§ **PROBLEM TO WORK ON**:
Your answer should be the line containing "Kapadokya Plus Oturma Grubu | İroko" and each line after it through the end of the data below, repeated exactly.

━━ SUPPLIED INFORMATION ━━

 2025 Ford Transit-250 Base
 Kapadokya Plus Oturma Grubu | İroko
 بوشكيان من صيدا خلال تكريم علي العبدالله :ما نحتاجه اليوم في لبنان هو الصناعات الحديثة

━━━

§ **WRITTEN RESPONSE**:
 Kapadokya Plus Oturma Grubu | İroko
 بوشكيان من صيدا خلال تكريم علي العبدالله :ما نحتاجه اليوم في لبنان هو الصناعات الحديثة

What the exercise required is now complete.